TASK DETAILS:
Among the entries below, only the lines from the one with "Kilquire, Kilmaine, Co. Mayo" through the one with "New 2026 Ford F250 King Ranch image 30" are wanted, reproduced exactly. Pictures are not wanted.

── RECORDS SHOWN

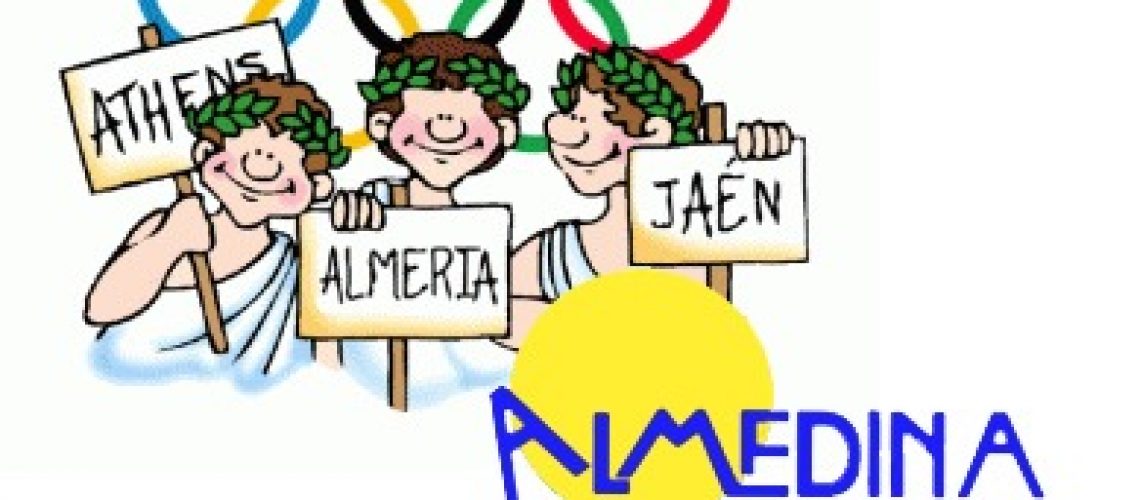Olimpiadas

────
── RECORDS SHOWN

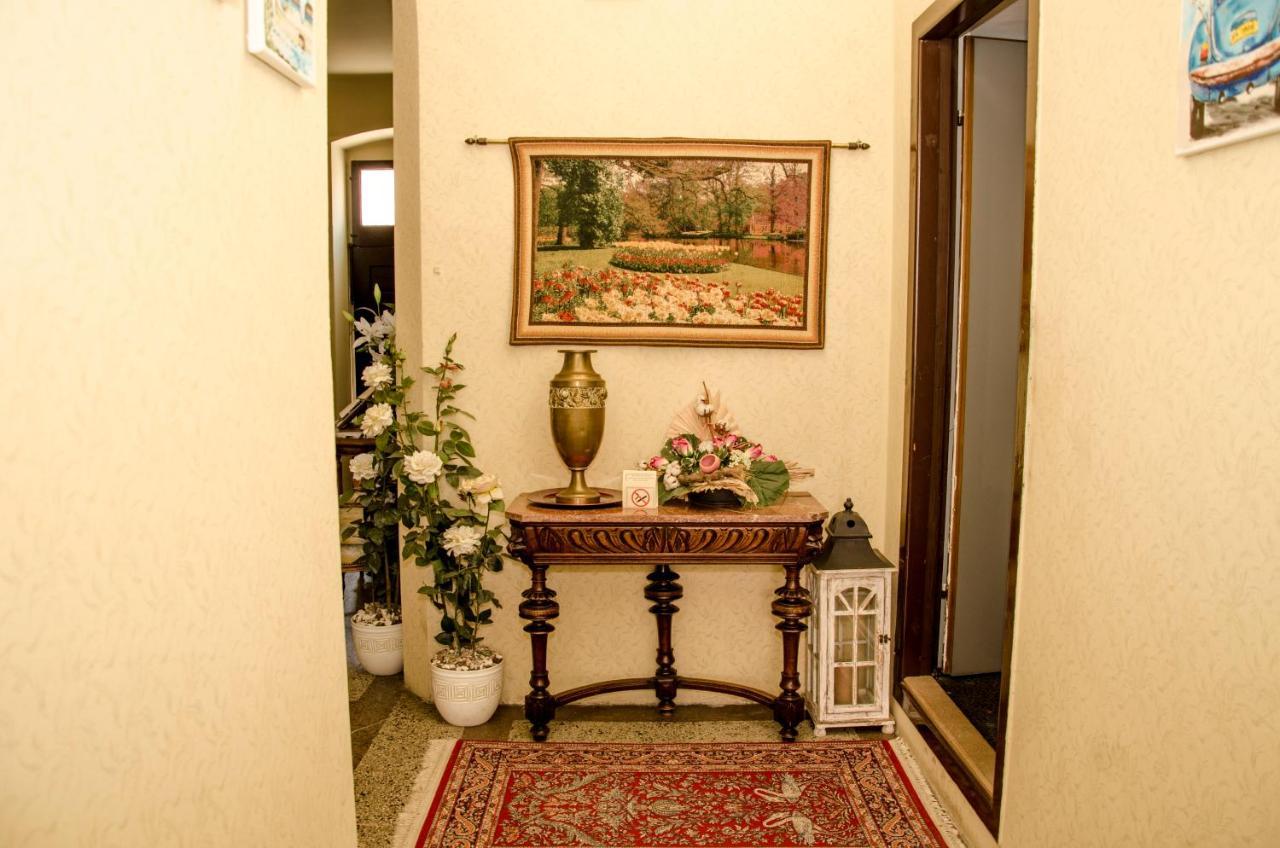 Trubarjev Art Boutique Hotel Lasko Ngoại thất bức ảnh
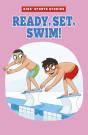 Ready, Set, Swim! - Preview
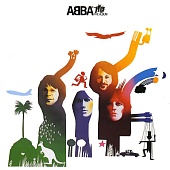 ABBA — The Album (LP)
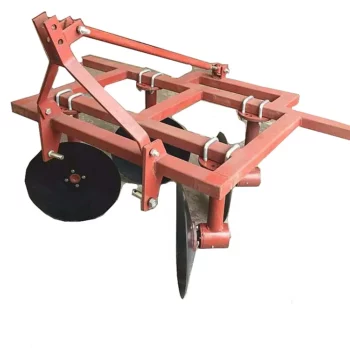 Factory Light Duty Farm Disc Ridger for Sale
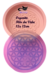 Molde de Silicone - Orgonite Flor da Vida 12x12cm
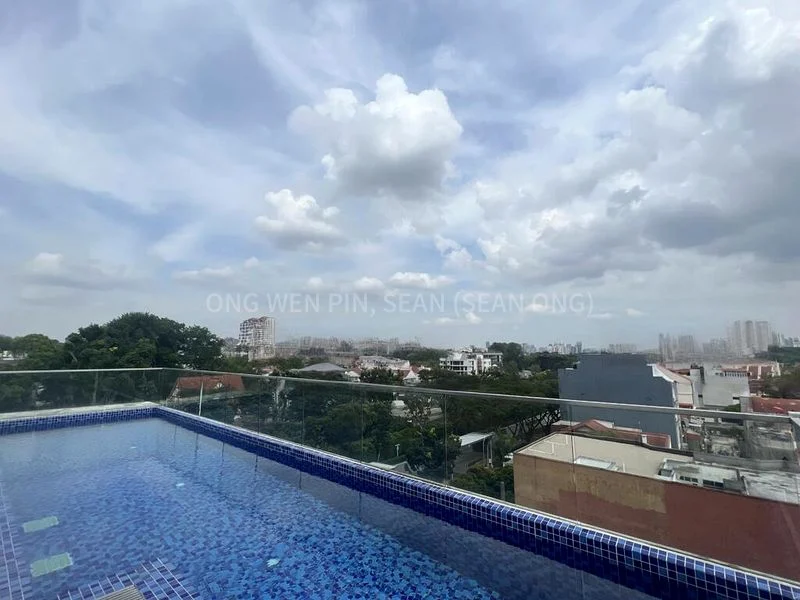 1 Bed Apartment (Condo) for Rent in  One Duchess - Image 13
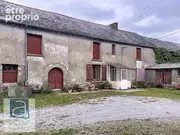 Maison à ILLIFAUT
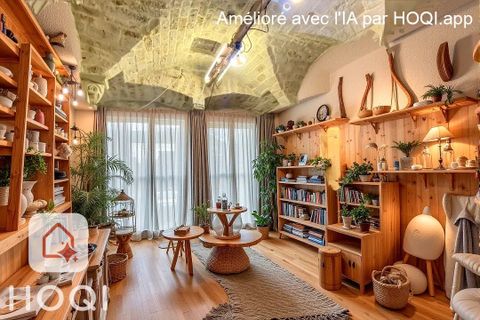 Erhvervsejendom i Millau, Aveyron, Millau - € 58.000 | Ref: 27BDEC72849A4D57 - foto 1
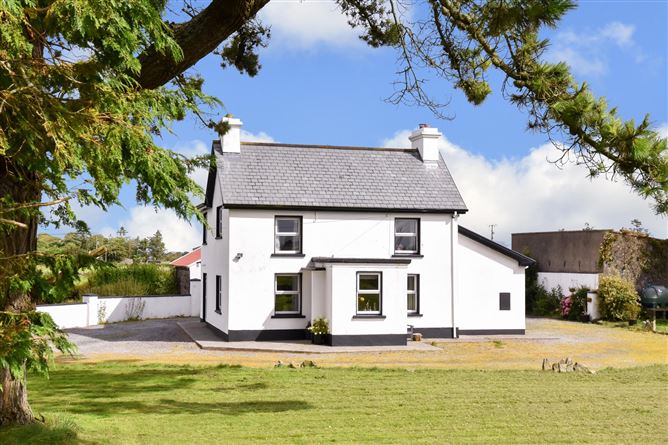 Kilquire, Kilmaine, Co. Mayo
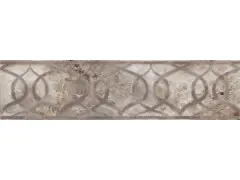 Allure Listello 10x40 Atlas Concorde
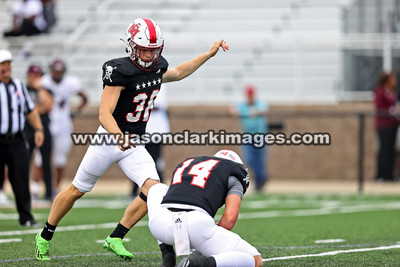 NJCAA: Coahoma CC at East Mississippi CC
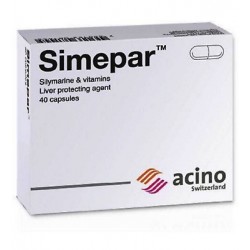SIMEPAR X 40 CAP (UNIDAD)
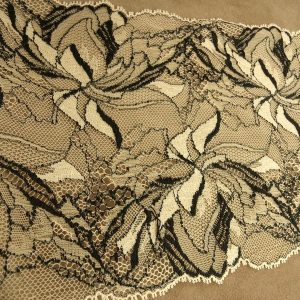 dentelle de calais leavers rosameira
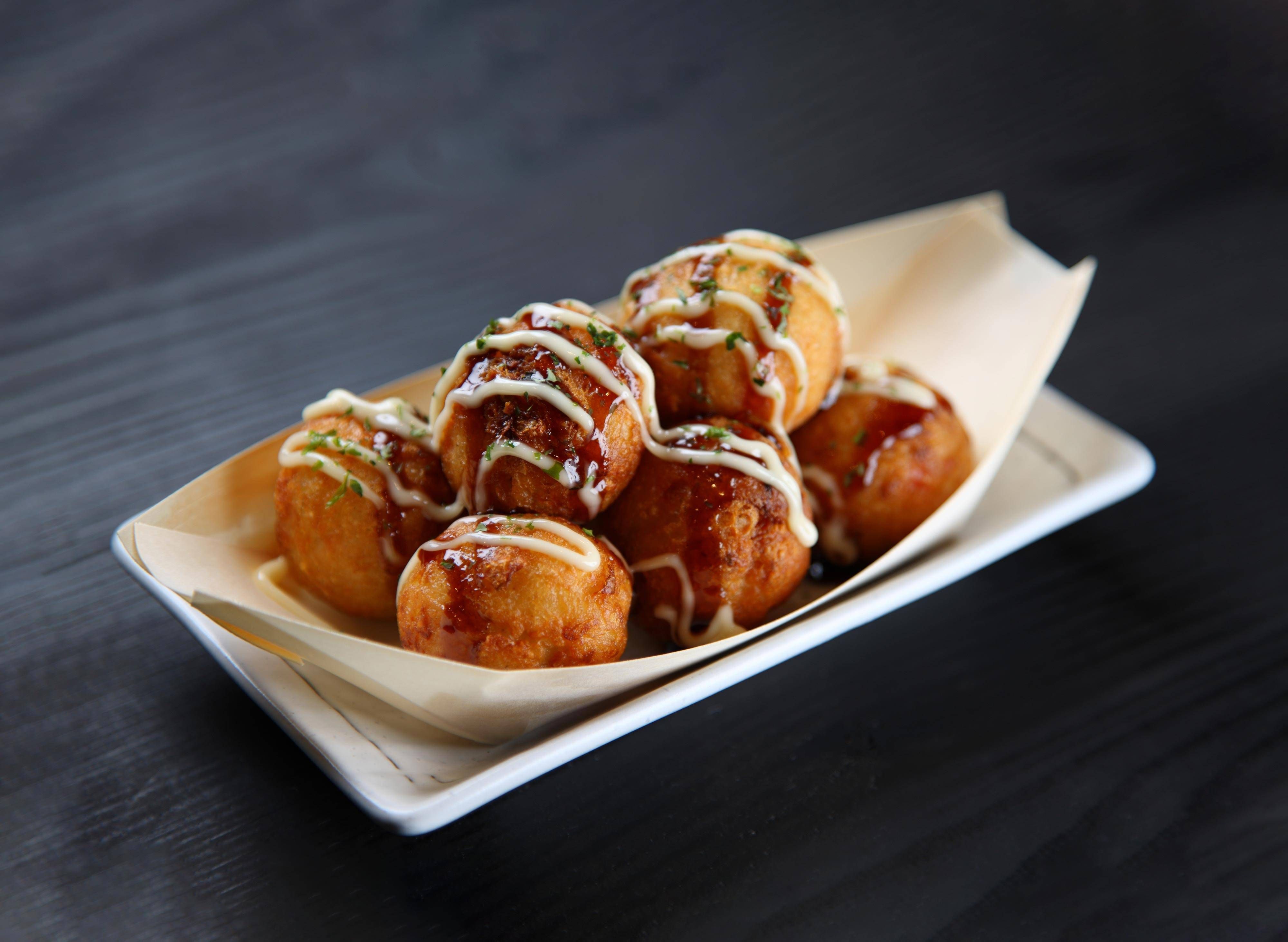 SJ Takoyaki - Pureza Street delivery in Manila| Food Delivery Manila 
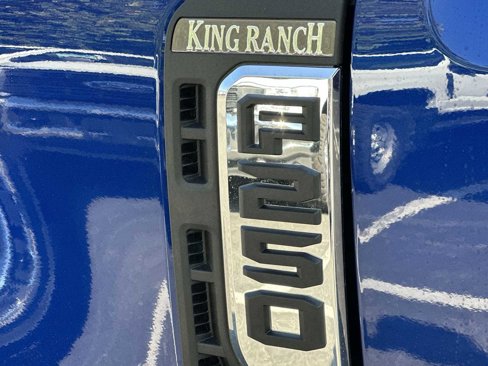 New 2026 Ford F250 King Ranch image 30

────

EXERCISE SOLUTION:
 Kilquire, Kilmaine, Co. Mayo
 Allure Listello 10x40 Atlas Concorde
 NJCAA: Coahoma CC at East Mississippi CC
SIMEPAR X 40 CAP (UNIDAD)
 dentelle de calais leavers rosameira
 SJ Takoyaki - Pureza Street delivery in Manila| Food Delivery Manila 
 New 2026 Ford F250 King Ranch image 30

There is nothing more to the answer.